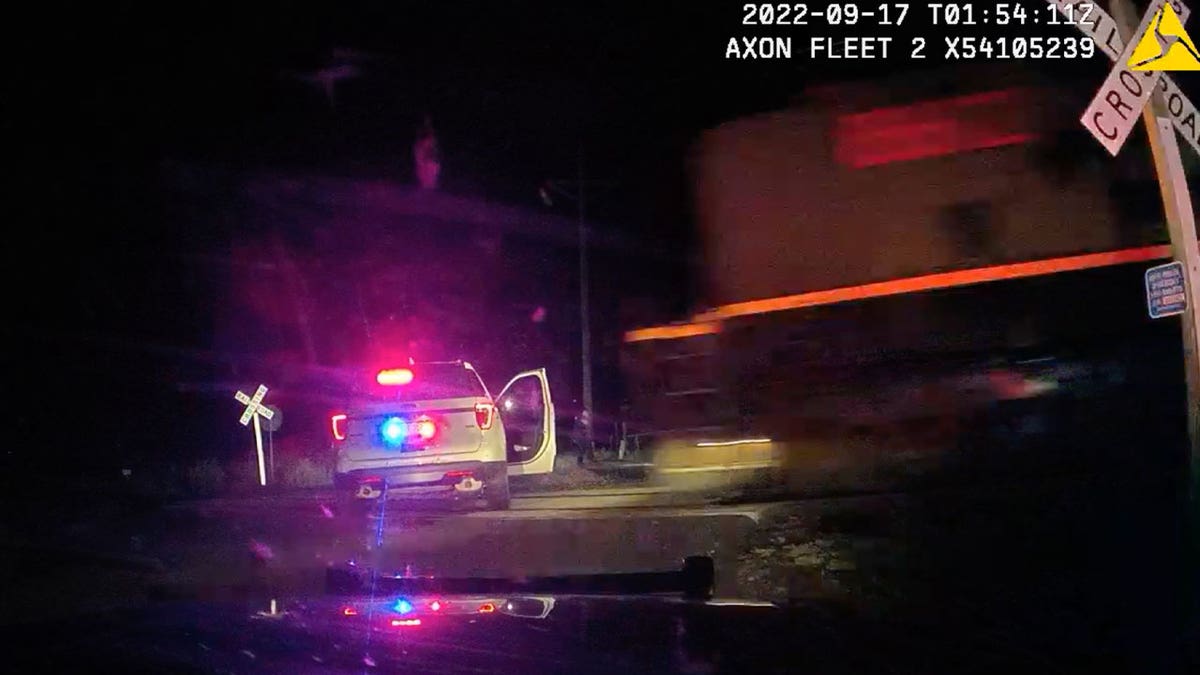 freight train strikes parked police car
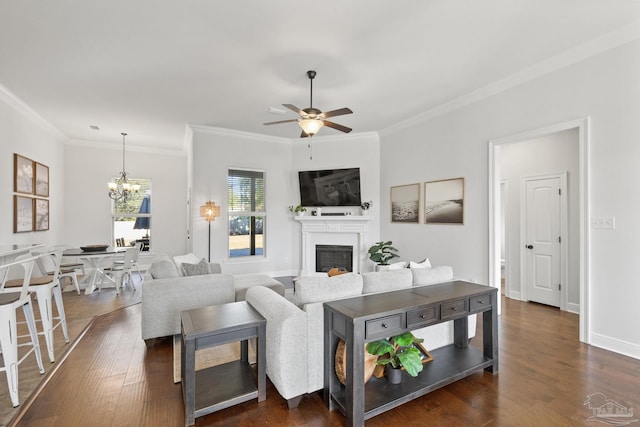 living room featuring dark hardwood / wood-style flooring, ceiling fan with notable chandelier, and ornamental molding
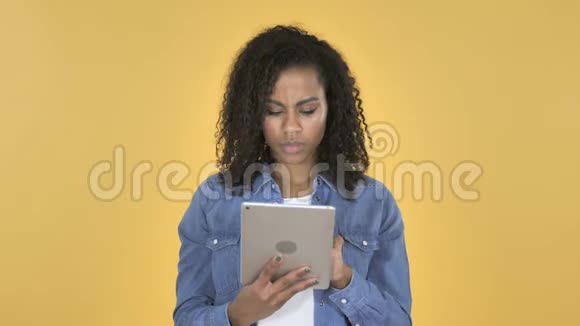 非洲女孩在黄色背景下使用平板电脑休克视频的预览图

---

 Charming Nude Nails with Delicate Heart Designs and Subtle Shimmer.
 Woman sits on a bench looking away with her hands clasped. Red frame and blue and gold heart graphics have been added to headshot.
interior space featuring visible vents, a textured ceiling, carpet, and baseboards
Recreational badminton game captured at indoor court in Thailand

* * *

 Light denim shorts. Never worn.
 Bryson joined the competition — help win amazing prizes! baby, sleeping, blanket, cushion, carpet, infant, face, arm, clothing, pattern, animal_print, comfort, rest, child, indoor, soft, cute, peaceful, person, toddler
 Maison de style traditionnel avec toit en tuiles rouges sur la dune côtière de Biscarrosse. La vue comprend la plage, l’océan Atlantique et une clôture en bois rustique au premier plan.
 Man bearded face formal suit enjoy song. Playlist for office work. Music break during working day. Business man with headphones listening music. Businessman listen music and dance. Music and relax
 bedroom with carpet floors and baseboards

## Your task
In the listing above, find the line containing "Charming Nude Nails" and the line containing "Recreational badminton game", then quote both, plus every line between them, exactly as written.

## Task solution
 Charming Nude Nails with Delicate Heart Designs and Subtle Shimmer.
 Woman sits on a bench looking away with her hands clasped. Red frame and blue and gold heart graphics have been added to headshot.
interior space featuring visible vents, a textured ceiling, carpet, and baseboards
Recreational badminton game captured at indoor court in Thailand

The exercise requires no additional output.